* EXERCISE REQUIREMENTS: Pictures excluded, reproduce exactly the lines below from the one with "STIHL 041 AV KARTER OBUDOWA SILNIKA BLOK POŁÓWKA STIHL" through the one with "Puma Sneakers", both included.

* SOURCE DATA:
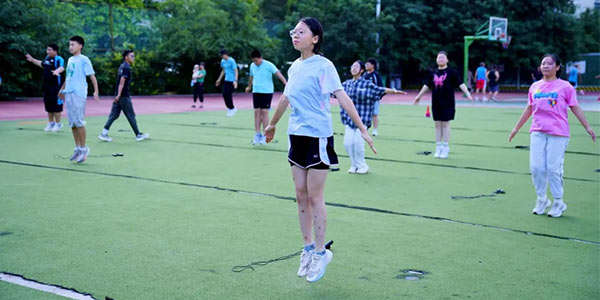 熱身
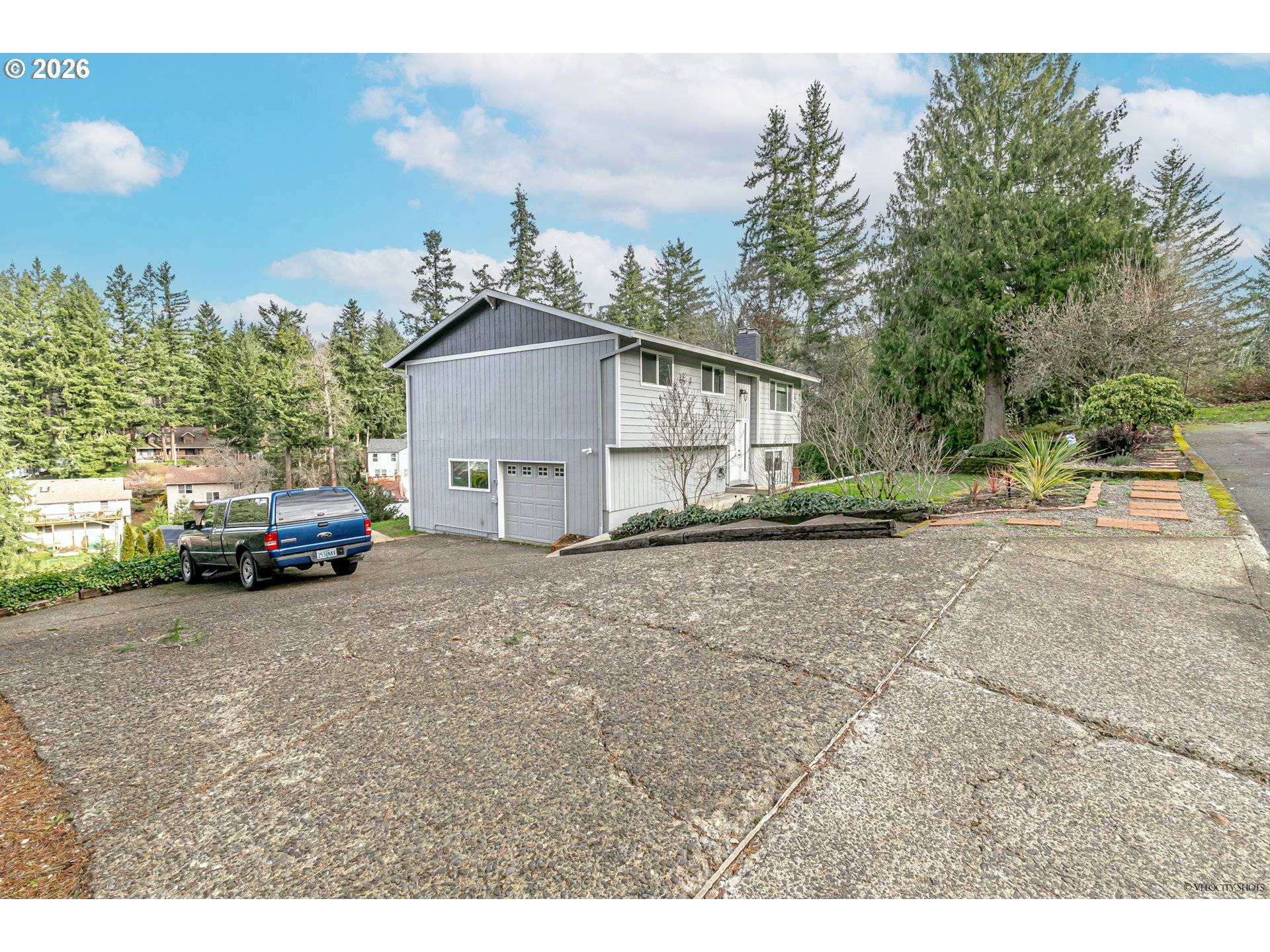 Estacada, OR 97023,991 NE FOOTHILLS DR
--
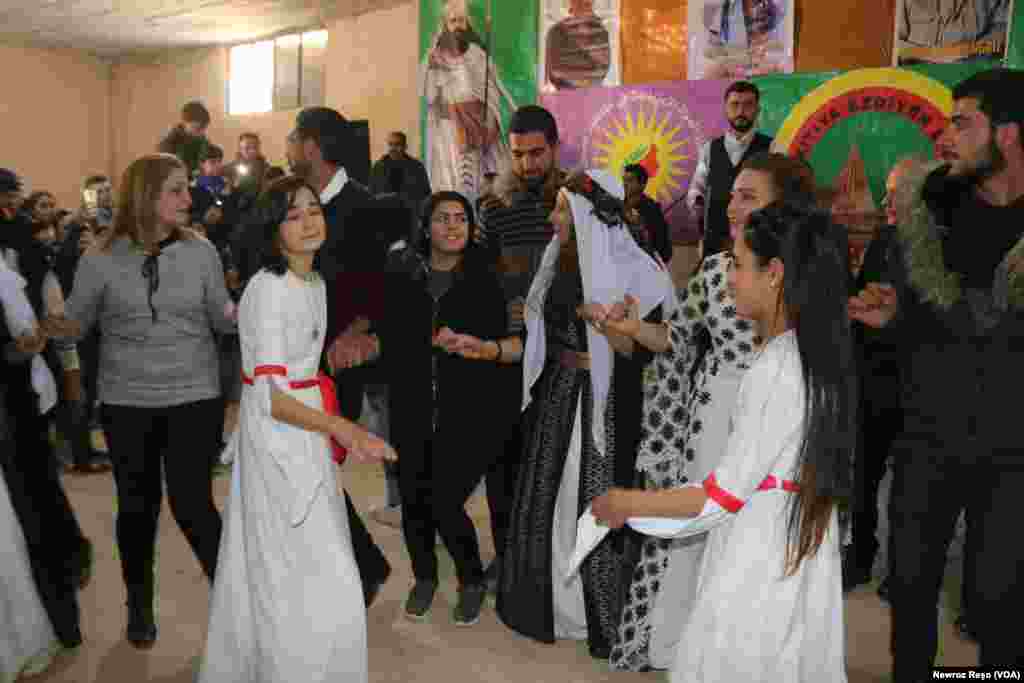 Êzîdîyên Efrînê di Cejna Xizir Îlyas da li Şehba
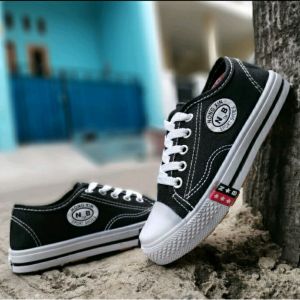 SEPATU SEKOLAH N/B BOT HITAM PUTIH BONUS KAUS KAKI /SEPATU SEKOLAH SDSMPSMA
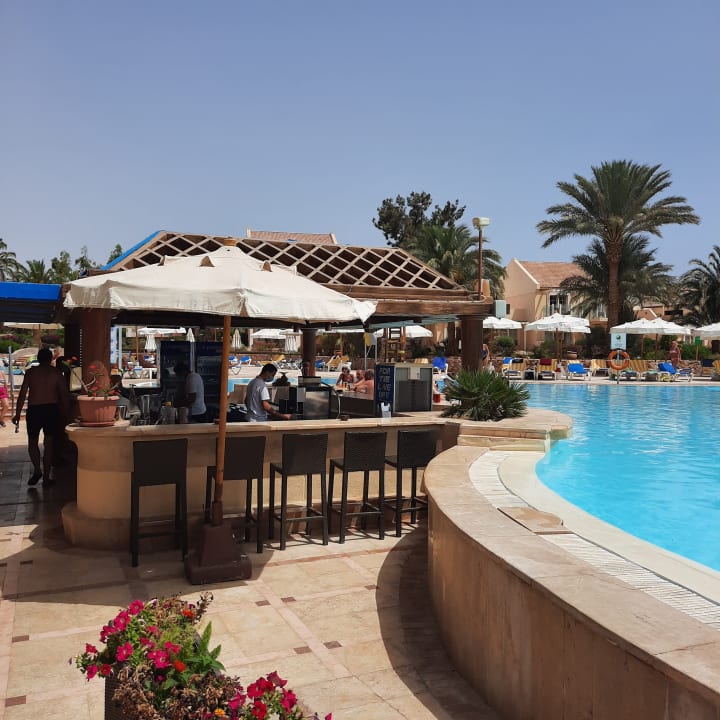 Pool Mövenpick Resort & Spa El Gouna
---
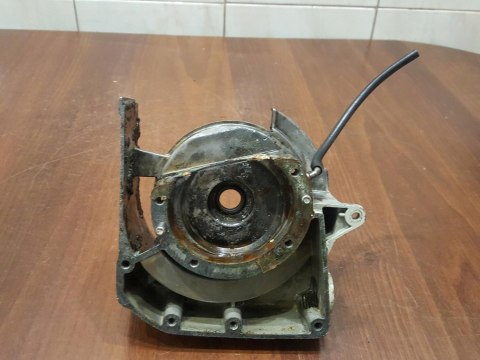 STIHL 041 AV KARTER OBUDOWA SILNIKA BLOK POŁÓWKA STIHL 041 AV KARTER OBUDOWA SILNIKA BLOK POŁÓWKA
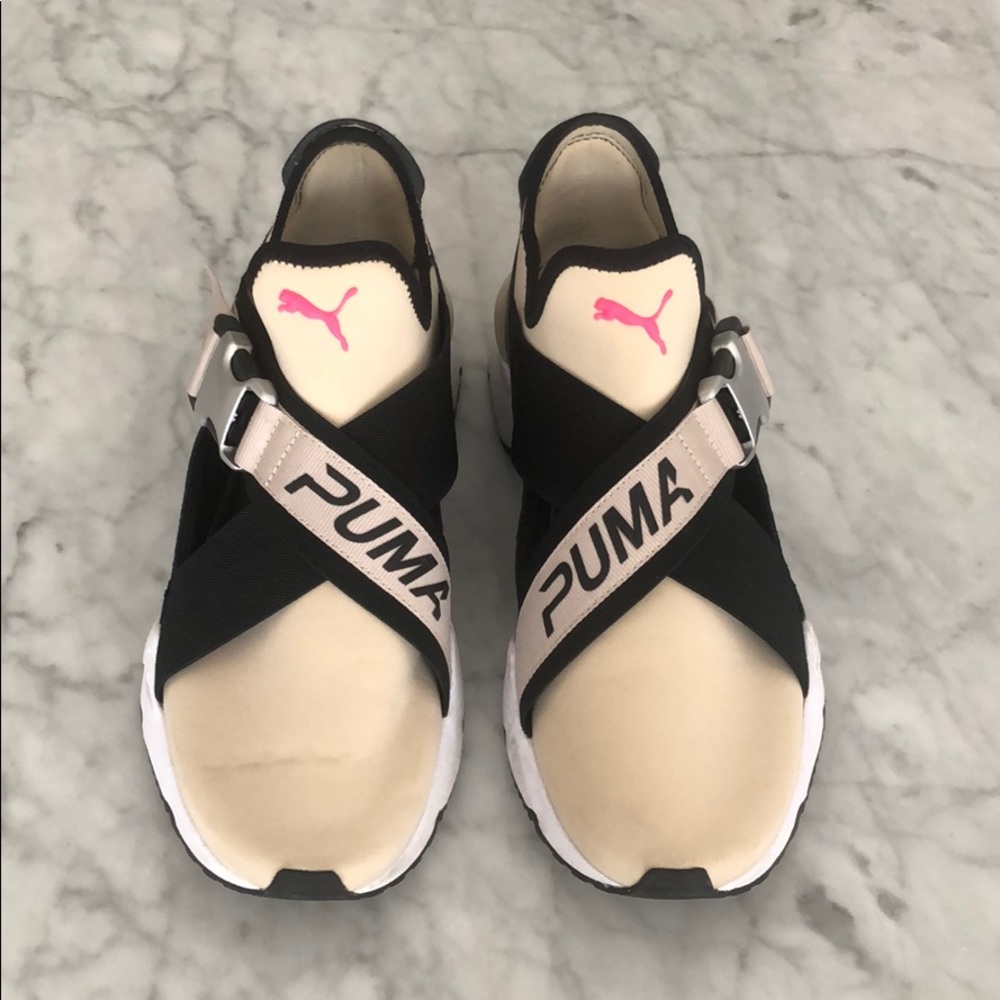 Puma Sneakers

* ANSWER FOR THIS EXERCISE:
 STIHL 041 AV KARTER OBUDOWA SILNIKA BLOK POŁÓWKA STIHL 041 AV KARTER OBUDOWA SILNIKA BLOK POŁÓWKA
 Puma Sneakers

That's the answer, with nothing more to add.